Cuando de funcionariado se trata, andamos los columnistas con pies de plomo. En España existen tres millones de empleados de la Administración pública que tienen un empleo para toda la vida, con un sueldo blindado y unas prebendas (como lo de Muface) que ya quisiera el resto de los españoles. Pero también tienen marido, mujer, padres, hijos, cuñados (aunque este no sea más que un mal menor), con lo que esos tres millones se convierten en veinte, es decir, que claramente tienen quien los defienda. Por eso el funcionariado se parece mucho a la grasa del jamón de Jabugo, que penetra en la carne dejando un sabor inconfundible.
Yo, que soy un insensato, declaro aquí mi discrepancia con la resistencia que muestran los funcionarios a ser atendidos por la sanidad del Estado, ese ente que les da de comer tan bien.

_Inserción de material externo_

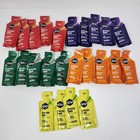 Gu Energy Gels Assorted Fruity Flavors  24 Pack  1 1 Oz Exp 11 2026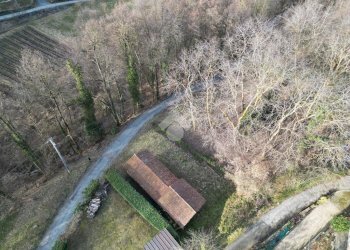 Magazzino Magazzino Via Pramorello, Martiniana Po - foto 5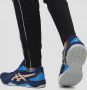 ASICS Ascis Gel-Challenger 12 Clay tennisschoenen heren donker blauw - Thumbnail 4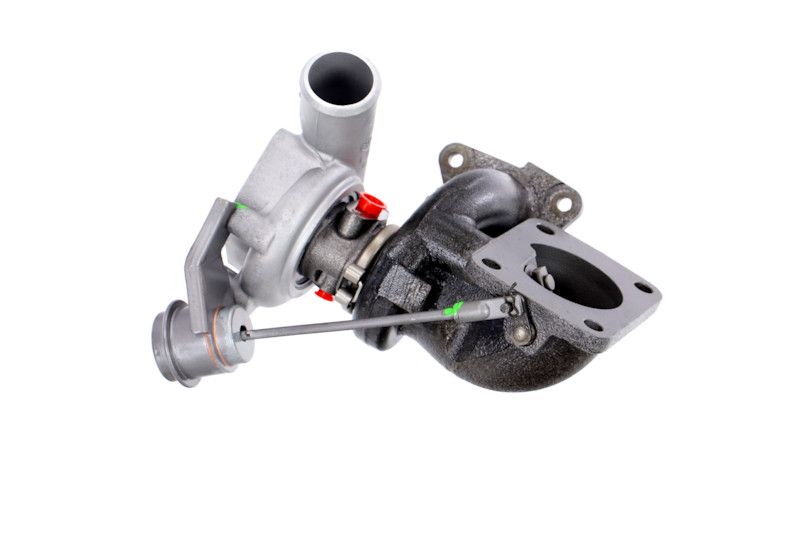 REMANTE 003-001-000014R Charger, charging (supercharged/turbocharged)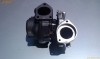Turbo BMW  525d (E60,E61)Sedan din 2005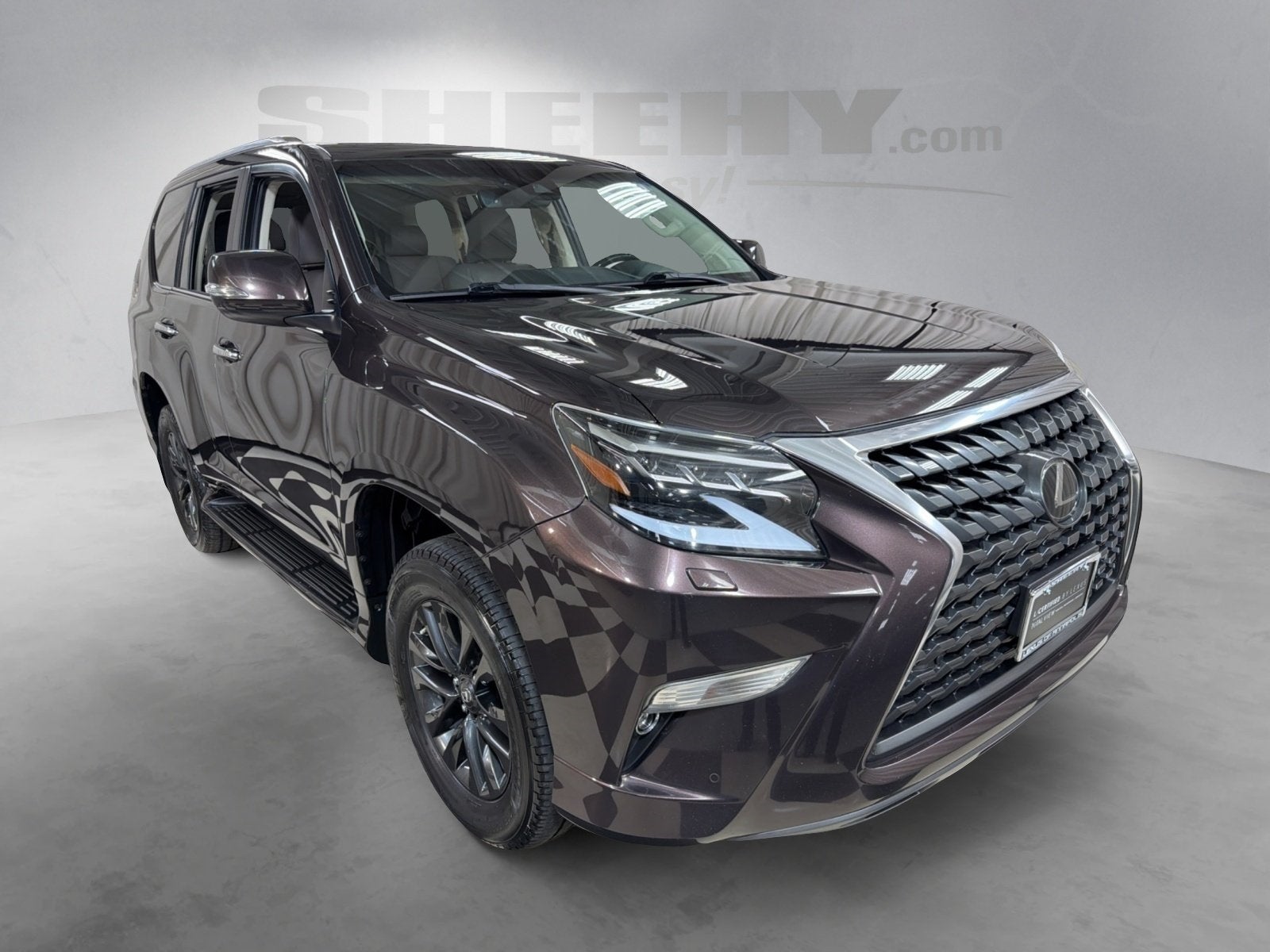 2020 Lexus GX 460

Ganar unas oposiciones a la función pública es como bajarse del tren en marcha e instalarse plácidamente en el país de nunca jamás. En el tren siguen su larga ruta el resto de los españoles: en primera los más ricos, en segunda los empleados y en tercera los autónomos. Y no me digan ustedes que tercera ya no existe, porque entonces tendré que colocarlos corriendo detrás, por la vía.
En el funcionariado, como diría el replicante de Blade Runner, he visto cosas que no creerías. Cosas que también he visto en la vida real, pero cuyas consecuencias eran bien distintas. Tal vez la Seguridad Social sea una manera de acercarnos los unos a los otros un poco más.